Feature Extraction

Here we will talk about an important piece of machine learning: the extraction of quantitative features from data. By the end of this section you will

  • Know how features are extracted from real-world data.
  • See an example of extracting numerical features from textual data

In addition, we will go over several basic tools within scikit-learn which can be used to accomplish the above tasks.

What Are Features?

Numerical Features

Recall that data in scikit-learn is expected to be in two-dimensional arrays, of size n_samples $\times$ n_features.

Previously, we looked at the iris dataset, which has 150 samples and 4 features


In [ ]:
from sklearn.datasets import load_iris
iris = load_iris()
print iris.data.shape

These features are:

  • sepal length in cm
  • sepal width in cm
  • petal length in cm
  • petal width in cm

Numerical features such as these are pretty straightforward: each sample contains a list of floating-point numbers corresponding to the features

Categorical Features

What if you have categorical features? For example, imagine there is data on the color of each iris:

color in [red, blue, purple]

You might be tempted to assign numbers to these features, i.e. red=1, blue=2, purple=3 but in general this is a bad idea. Estimators tend to operate under the assumption that numerical features lie on some continuous scale, so, for example, 1 and 2 are more alike than 1 and 3, and this is often not the case for categorical features.

A better strategy is to give each category its own dimension.
The enriched iris feature set would hence be in this case:

  • sepal length in cm
  • sepal width in cm
  • petal length in cm
  • petal width in cm
  • color=purple (1.0 or 0.0)
  • color=blue (1.0 or 0.0)
  • color=red (1.0 or 0.0)

Note that using many of these categorical features may result in data which is better represented as a sparse matrix, as we'll see with the text classification example below.

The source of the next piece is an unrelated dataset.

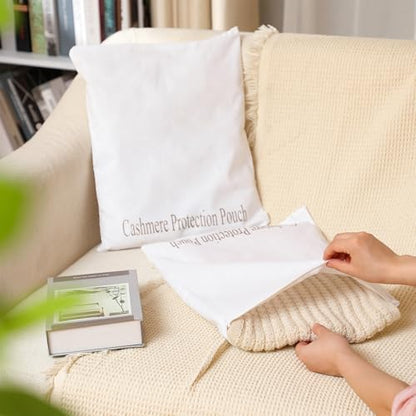 2 Pcs Cashmere Sweater Storage Bags with integrated Cedar Wood Breathable Washable Cotton Pouch Bags for Cashmere Wool Sweaters Storage Protection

Using the DictVectorizer to encode categorical features

When the source data is encoded has a list of dicts where the values are either strings names for categories or numerical values, you can use the DictVectorizer class to compute the boolean expansion of the categorical features while leaving the numerical features unimpacted:


In [ ]:
measurements = [
    {'city': 'Dubai', 'temperature': 33.},
    {'city': 'London', 'temperature': 12.},
    {'city': 'San Fransisco', 'temperature': 18.},
]

In [ ]:
from sklearn.feature_extraction import DictVectorizer

vec = DictVectorizer()
vec

In [ ]:
vec.fit_transform(measurements).toarray()

In [ ]:
vec.get_feature_names()

Derived Features

Another common feature type are derived features, where some pre-processing step is applied to the data to generate features that are somehow more informative. Derived features may be based in dimensionality reduction (such as PCA or manifold learning), may be linear or nonlinear combinations of features (such as in Polynomial regression), or may be some more sophisticated transform of the features. The latter is often used in image processing.

For example, scikit-image provides a variety of feature extractors designed for image data: see the skimage.feature submodule. We will see some dimensionality-based feature extraction routines later in the tutorial.

Text Feature Extraction

Unstructed content such as text documents require there own feature extraction step. In general we treat words in text documents as individual categorical features. An example on text mining will be introduced later, at the end of this session.